Curating Under Pressure

In this presentation, Janet Marstine leads a discussion around her co-edited book, Curating Under Pressure (Routledge 2020). Marstine gives evidence of curators’ political acumen, ethical sagacity, and resilience over the long term. She also challenges the assumption that self-censorship is something to be avoided at all costs and suggests that a decision to self-censor may sometimes be politically and ethically imperative. Her argument serves as a corrective to the assumption that censorship pressures render practitioners impotent. It demonstrates that curatorial practice under pressure offers inspiring models of agency, ingenuity, and empowerment.

Curating Under Pressure is the first book to look at pressures to self-censor and the curatorial responses to these pressures from a wide range of international perspectives. Curating Under Pressure breaks the silences surrounding curatorial self-censorship and shows that it is both endemic to the practice and ubiquitous, despite the freedom of speech guaranteed by the First Amendment (1791) to the US Constitution and the UN Universal Declaration of Human Rights (1948) more globally. Chapters, including Janet’s own which examines the Hong Kong and mainland China context, map the diverse forms such self-censorship takes and offer creative strategies for negotiating curatorial integrity.


About the Presenter

Janet Marstine is Honorary Associate Professor of Museum Studies (retired), University of Leicester, UK, and is currently an independent scholar based in Yarmouth, Maine. She writes on diverse aspects of museum ethics from curatorial ethics to negotiating the pressures of self-censorship to artists’ interventions as drivers for ethical change. Marstine is the author of six books including Routledge Companion to Museum Ethics (Routledge 2011); Critical Practice: Artists, Museums, Ethics (Routledge 2017); with S. Mintcheva, Curating Under Pressure: International Perspectives on Negotiating Conflict and Upholding Integrity (Routledge 2020); and with O. Ho Curating Art (Routledge 2022). To support her research, conducted internationally, in the US, UK, Europe, mainland China and Hong Kong, she has received grants from the Institute for Museum and Library Services (US), the Arts and Humanities Research Council (UK), and the British Academy. In 2018 she was a Senior Research Fellow at Fudan University in Shanghai. 

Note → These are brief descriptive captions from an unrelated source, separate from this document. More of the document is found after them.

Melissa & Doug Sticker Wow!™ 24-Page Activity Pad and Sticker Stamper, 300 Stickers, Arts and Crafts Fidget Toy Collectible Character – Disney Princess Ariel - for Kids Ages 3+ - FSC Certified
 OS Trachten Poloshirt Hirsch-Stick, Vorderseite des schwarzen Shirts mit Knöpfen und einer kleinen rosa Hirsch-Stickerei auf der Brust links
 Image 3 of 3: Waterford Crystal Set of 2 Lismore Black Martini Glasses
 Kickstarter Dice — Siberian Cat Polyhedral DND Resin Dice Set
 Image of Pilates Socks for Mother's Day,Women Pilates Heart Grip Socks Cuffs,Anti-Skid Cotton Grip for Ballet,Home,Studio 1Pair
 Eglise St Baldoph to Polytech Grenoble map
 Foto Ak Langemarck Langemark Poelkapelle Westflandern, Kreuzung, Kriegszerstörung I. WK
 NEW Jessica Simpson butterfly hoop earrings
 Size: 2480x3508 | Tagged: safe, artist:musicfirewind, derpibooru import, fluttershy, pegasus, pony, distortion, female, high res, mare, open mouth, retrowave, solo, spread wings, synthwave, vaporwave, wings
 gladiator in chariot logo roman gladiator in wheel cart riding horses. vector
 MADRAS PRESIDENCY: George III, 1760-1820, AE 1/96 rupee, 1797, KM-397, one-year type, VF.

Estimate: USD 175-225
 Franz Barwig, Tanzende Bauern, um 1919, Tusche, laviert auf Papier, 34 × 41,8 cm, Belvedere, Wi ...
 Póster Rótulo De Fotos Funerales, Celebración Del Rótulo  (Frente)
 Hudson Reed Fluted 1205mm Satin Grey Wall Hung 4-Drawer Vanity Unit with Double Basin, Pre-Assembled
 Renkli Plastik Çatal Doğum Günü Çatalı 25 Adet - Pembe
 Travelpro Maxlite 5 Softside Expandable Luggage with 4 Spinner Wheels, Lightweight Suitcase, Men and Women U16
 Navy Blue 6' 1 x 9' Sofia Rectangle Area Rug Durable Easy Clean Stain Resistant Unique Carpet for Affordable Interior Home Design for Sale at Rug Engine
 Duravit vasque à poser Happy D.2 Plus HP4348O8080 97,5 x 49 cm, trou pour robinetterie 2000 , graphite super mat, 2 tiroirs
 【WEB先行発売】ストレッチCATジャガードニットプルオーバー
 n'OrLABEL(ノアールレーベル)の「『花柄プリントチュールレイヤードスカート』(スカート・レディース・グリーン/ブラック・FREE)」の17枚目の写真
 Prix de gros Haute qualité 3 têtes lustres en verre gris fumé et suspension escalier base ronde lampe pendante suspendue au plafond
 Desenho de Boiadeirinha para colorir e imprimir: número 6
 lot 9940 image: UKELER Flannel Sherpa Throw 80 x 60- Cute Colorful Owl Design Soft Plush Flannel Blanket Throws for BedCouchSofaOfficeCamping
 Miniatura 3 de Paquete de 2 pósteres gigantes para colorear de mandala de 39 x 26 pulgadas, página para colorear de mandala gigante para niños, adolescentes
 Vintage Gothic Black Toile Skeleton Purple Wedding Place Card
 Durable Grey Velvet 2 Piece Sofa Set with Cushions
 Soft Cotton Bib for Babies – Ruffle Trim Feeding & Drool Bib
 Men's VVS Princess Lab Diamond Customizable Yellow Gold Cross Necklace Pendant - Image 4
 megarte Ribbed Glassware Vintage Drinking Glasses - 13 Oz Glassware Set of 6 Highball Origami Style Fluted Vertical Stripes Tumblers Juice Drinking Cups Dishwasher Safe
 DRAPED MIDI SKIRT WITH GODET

Dr. Marstine has a particular interest in recognizing and supporting the agency of practitioners to make informed ethical decisions. She has done ethics consulting with institutions from the National September 11 Memorial Museum—on collections policy—to the Royal Air Force Museum—on sponsorship. She sat on the Ethics Committee of the UK’s Museums Association from 2014-2019, helping to move their approach from one of policing to empowerment. Presently, she sits on the Board of the First Amendment Museum.